Morto il lodigiano che venne ricoverato a Piacenza e trasferito a Parma. Due nuovi contagi piacentini

26 febbraio 2020

E’ morto il 70enne lombardo, già affetto da importanti patologie pregresse, che, proveniente da uno dei comuni della “zona rossa” lodigiana e positivo al Coronavirus, era stato inizialmente ricoverato all’ospedale di Piacenza, poi trasferito in Terapia intensiva a Parma.
Lo rivela l’ultimo bollettino ufficiale emesso dalla Regione.

Inoltre, si registrano quattro nuovi casi positivi in Emilia-Romagna: due a Piacenza e due nella provincia di Modena. Si tratta di contagi tutti riconducibili al focolaio lombardo, nessuno di questi è in condizioni critiche. Complessivamente, sale così a 30 il numero dei casi sul territorio regionale: 20 a Piacenza, 4 a Parma, 5 a Modena e 1 a Rimini.

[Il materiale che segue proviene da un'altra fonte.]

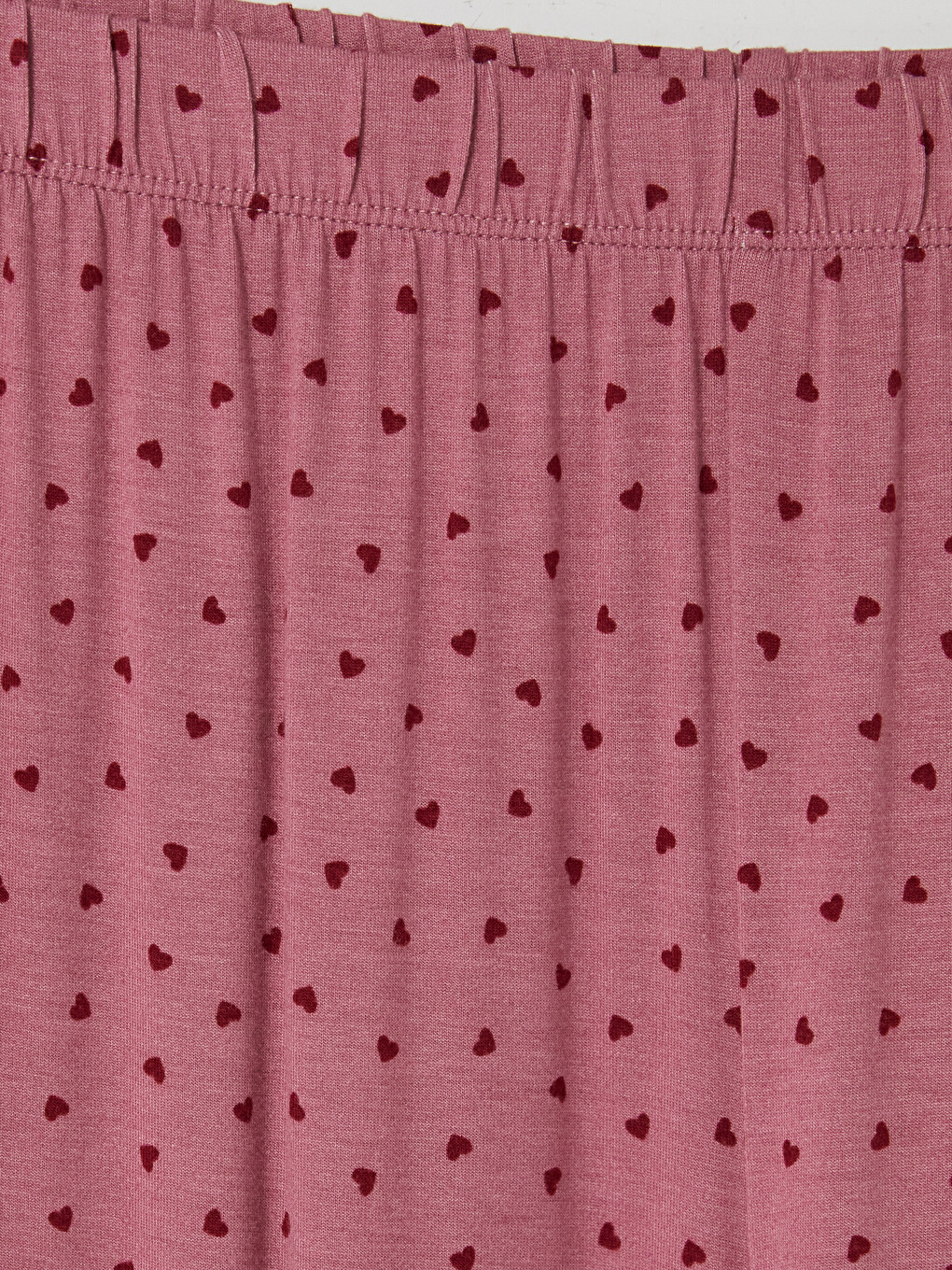 Pembe Kalp Desenli Kadın Pijama Takımı-5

Per quanto riguarda le condizioni degli altri casi positivi rilevati nei giorni scorsi, 2 soli sono in terapia intensiva, 14 ricoverati in condizioni non critiche presso i reparti di malattie infettive e 13 (di cui 9 asintomatici) si trovano in isolamento al proprio domicilio.

A scopo precauzionale, la Protezione civile regionale è già pronta ad allestire nuovi moduli provvisori per il triage, dove poter sottoporre le persone ai primi controlli prima di accoglierle all’interno dei servizi ospedalieri. Soprattutto a tutela degli operatori sanitari.
Oltre alle 3 già messe in campo nel piacentino, ne sono in arrivo altre all’esterno di diversi nosocomi della regione.